Partial reversal of doxorubicin resistance by forskolin and 1,9-dideoxyforskolin in murine sarcoma S180 variants

Acquired resistance to chemotherapeutic agents is an important clinical problem. One preclinical model, termed multidrug resistance (MDR), is characterized by a complex phenotype of cross-resistance to biochemically unrelated antineoplastic agents, the presence of a high-molecular-weight membrane glycoprotein, and impaired accumulation of drug. To determine whether MDR is mediated in part by altered cyclic 3',5'-adenosine monophosphate (cAMP) levels, the effect of incubation with the Adenylate Cyclase agonist, forskolin, was investigated in the murine sarcoma S180 cell line and two MDR variants (A5-.8, A5-2.5). Basal cAMP levels in sensitive and MDR lines were not significantly different (range, 0.15 +/- 0.05 to 0.31 +/- 0.09 pmol/mg protein); however, 1-h incubation with forskolin, 10 microM, elevated intracellular cAMP 2-fold in the parent line and 43- and 35-fold in the variants. The Adenylate Cyclase agonists, prostaglandin E2 and cholera toxin, and the phosphodiesterase inhibitor 3-isobutyl-1-methylxanthine had no significant effect on cAMP levels. To determine the effect of forskolin on doxorubicin-induced cell lethality, S180 and MDR lines were incubated with doxorubicin plus forskolin for 1 h and cloned in soft agar. Coincubation with forskolin partially reversed doxorubicin resistance in the MDR lines in a dose-dependent fashion. To determine whether this effect was mediated solely by elevation of intracellular cAMP, the inactive 1,9-dideoxy analogue of forskolin (DF) was used. Incubation with DF resulted in no elevation of cAMP levels in the sensitive or resistant cell lines; however, DF also partially reversed doxorubicin resistance in the MDR variants.

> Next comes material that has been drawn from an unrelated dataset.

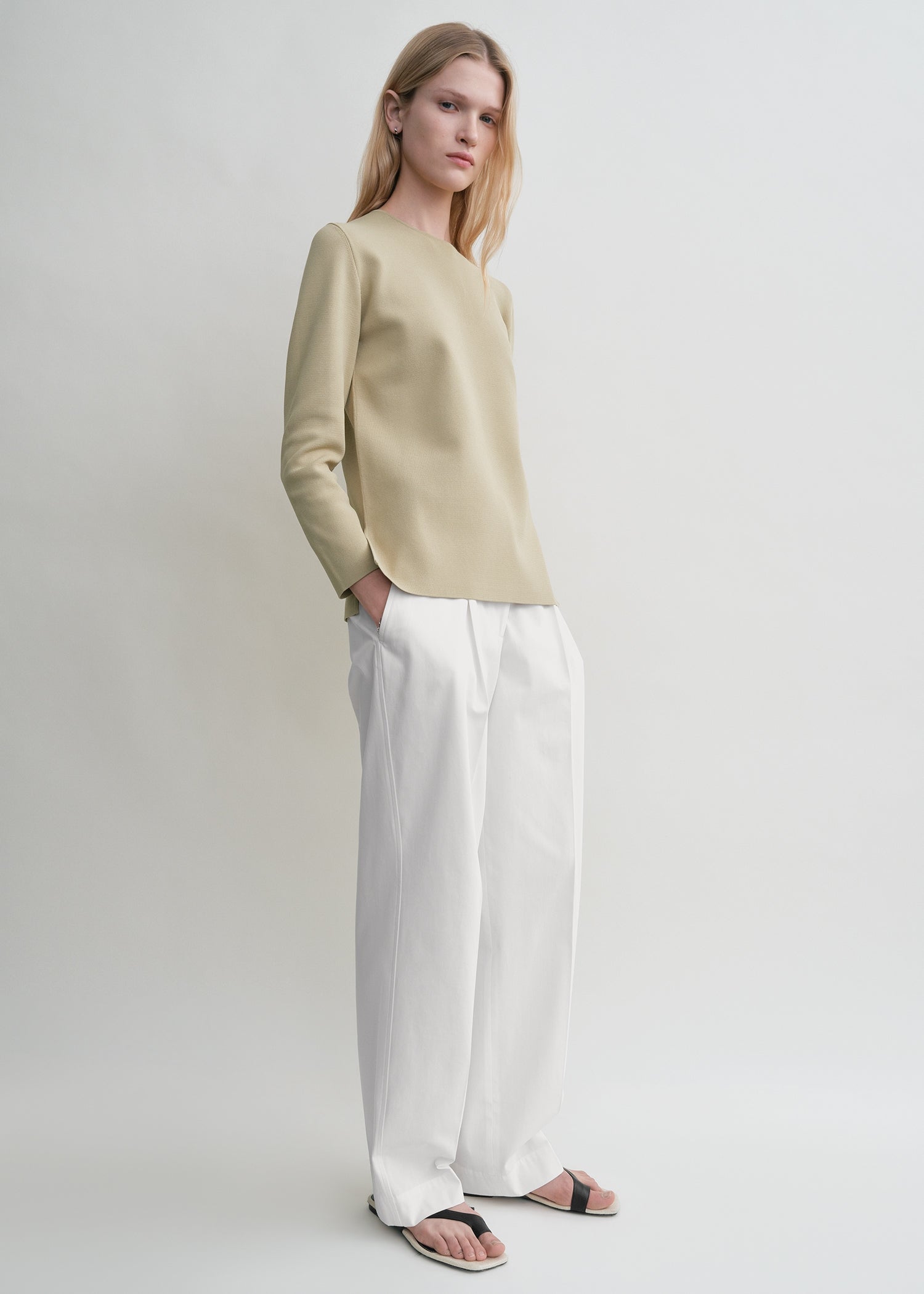 Compact knit desert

Furthermore, coincubation of the A5-2.5 cell line with doxorubicin and 8-bromo cAMP, 1 mM, did not result in reversal of resistance to doxorubicin. To determine whether the reversal of resistance by the diterpenes was associated with alteration of doxorubicin transport, uptake and efflux of [14C]doxorubicin were measured. Coincubation with both forskolin and DF, 10 microM, enhanced [14C]doxorubicin uptake in the resistant cells, while drug efflux was significantly affected only in the cell line exhibiting intermediate resistance. Since both forskolin and its inactive analogue are effective in partially reversing resistance to doxorubicin and augmenting anthracycline uptake, a mechanism other than elevation of cAMP is most likely responsible.